═══ Recorded data
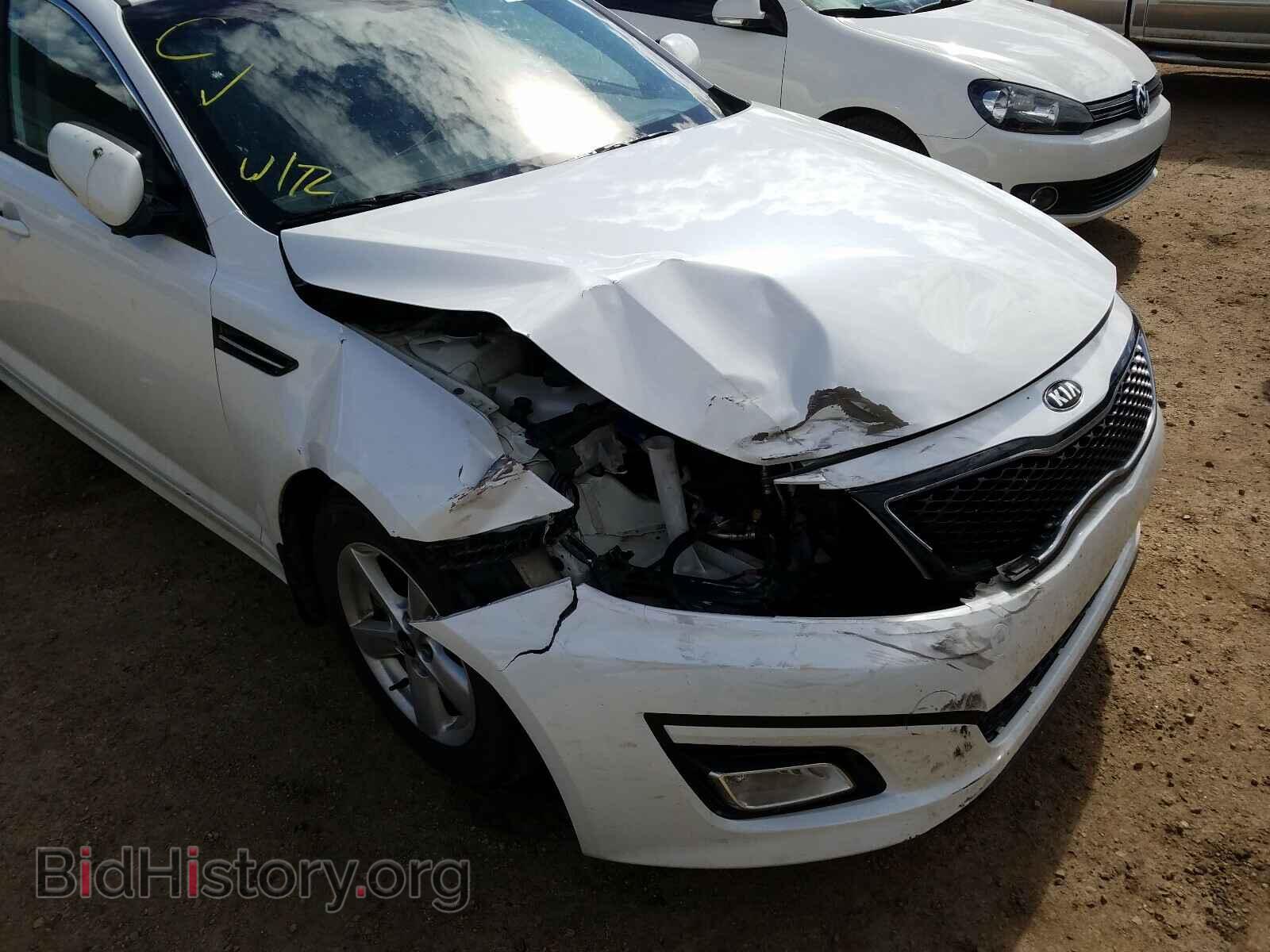 2015 KIA OPTIMA - VIN: KNAGM4A78F5638320 - Фото 9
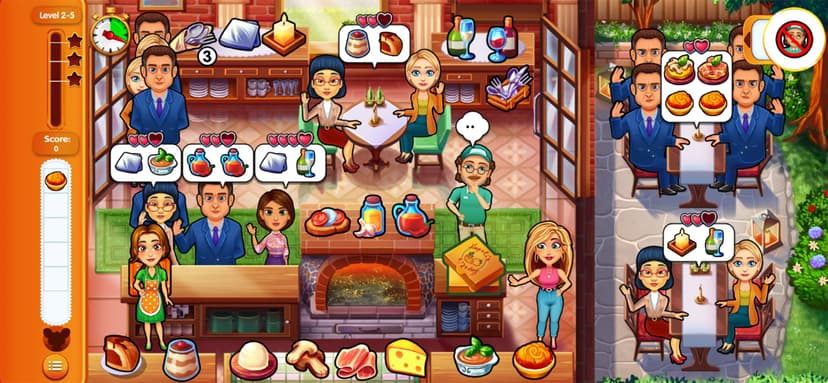 Delicious: Cooking and Romance screenshot 6 - screenshot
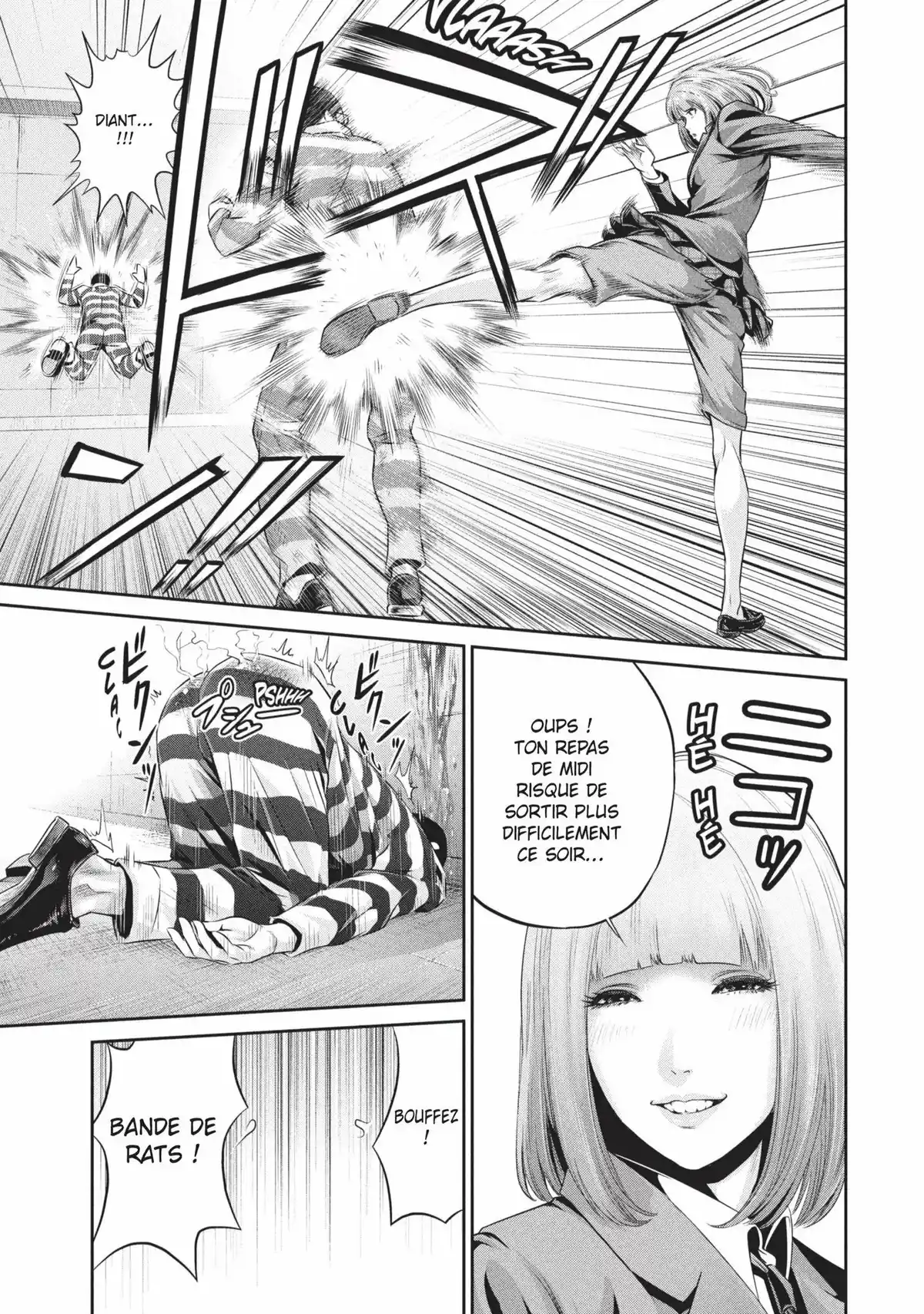 Prison School Volume 8 page 18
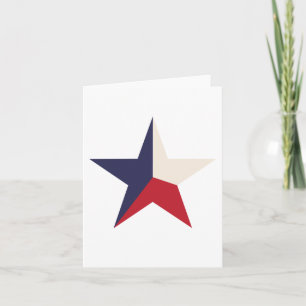 Cartão Notecards Texas Star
══════
# [What is needed]
Print the whole listing above once more, word for word, without its pictures.

# [Exercise response]
 2015 KIA OPTIMA - VIN: KNAGM4A78F5638320 - Фото 9
 Delicious: Cooking and Romance screenshot 6 - screenshot
 Prison School Volume 8 page 18
 Cartão Notecards Texas Star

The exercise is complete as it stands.